Eso de que el principal objeto (o víctima) de mofas y chistes en un país sean precisamente las autoridades, y que algunos idiotas consideran que es un delito, no podemos más que mirarlo como un signo de fortaleza social y salud mental. Aquí y allá, según el reciente ganador de las elecciones, se puede oír a algún tarado decir de vez en cuando cosas como «yo creo que de un presidente de gobierno no se deben hacer ese tipo de chistes»: en condiciones normales y entre gentes normales, el estiradillo que ha dicho eso (partidista evidente del presidente chisteado, claro) se ha llevado una salva de collejas y se ha quedado sin postre. ¿En la tierra de Quevedo y de Cervantes, de Tono y de Mingote, no hacer chistes sobre los que mandan?
Además de los chistes, como digo, hay conductas, y quizá es aquí donde tenemos que estar atentos. Quién no conoce que hay culturas y países donde un segurata dice: la cola hay que hacerla aquí, y no bajo esa marquesina, y nadie chista, y la cola se hace ahí, que da la casualidad de que es al aire libre y bajo un diluvio helado; en España, casi siempre hasta ahora, si hay esa marquesina y ese diluvio, pero las instrucciones «de arriba» dicen que los de la cola que se mojen, ni siquiera ha hecho falta doblegar con llaves de judo al segurata, porque hasta este mismo decía lo de «venga, pónganse debajo de la marquesina», en acto flagrante y casi violento de insumisión ante la autoridad de ese gran almacén o lo que fuera. Lo que hemos observado con frecuencia creciente en los últimos tiempos ha sido algo que sugiere un aumento de la inflexibilidad por parte de unos y no tanto de los otros, pero sí cierta tendencia a la sumisión desinformada por parte del «pueblo llano»; hemos presenciado cómo ante un mero despiste de un ciudadano que creía que se abría hoy ese gran almacén de libros, cuando en realidad se abría mañana, una segurata , ante la segunda pregunta del sexagenario se llevaba la mano al revólver, que por fortuna no llegó a sacar (pero el gesto, con paso atrás incluido, hubiera debido bastar para inhabilitar a la segurata de por vida, claro). Algo ha habido últimamente, quizá algo relacionado con la epidemia, o quién sabe qué, que me parece que ha intentado que este cinismo suave o esta mofa mullida hacia la autoridad esté puesta un poco en cuestión. A lo mejor el mismo hecho de las encerronas primeras, que cómo no considerar un gesto de absoluta autoridad al que todos hemos obedecido, ha moldeado alguna parte de nuestros cerebros y los ha hecho más aptos para el sometimiento o para la veneración automática. Tendrán que estudiarlo en el futuro los especialistas.
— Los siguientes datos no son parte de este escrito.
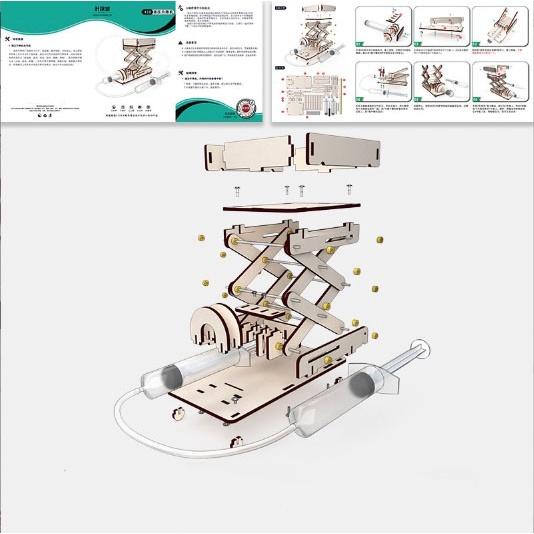 Mô hình lắp ráp hệ thống bơm thủy lực DIY WOOD STEAM - HYDRAULIC MACHINE ️ FREESHIP ️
Nos quedamos de momento, como gran herencia y virtud de nuestra sociedad, esa combinación difícil pero triunfante de legalidad y guasa, de norma general pero examen individual. Es posible que a base de pensar en ello acabemos encontrando un buen término para denominarlo. Pero que en el futuro nadie diga dos cosas: que aquí no se obedecían las leyes, y que aquí todos eran sumisos. Qué lío para los simplistas.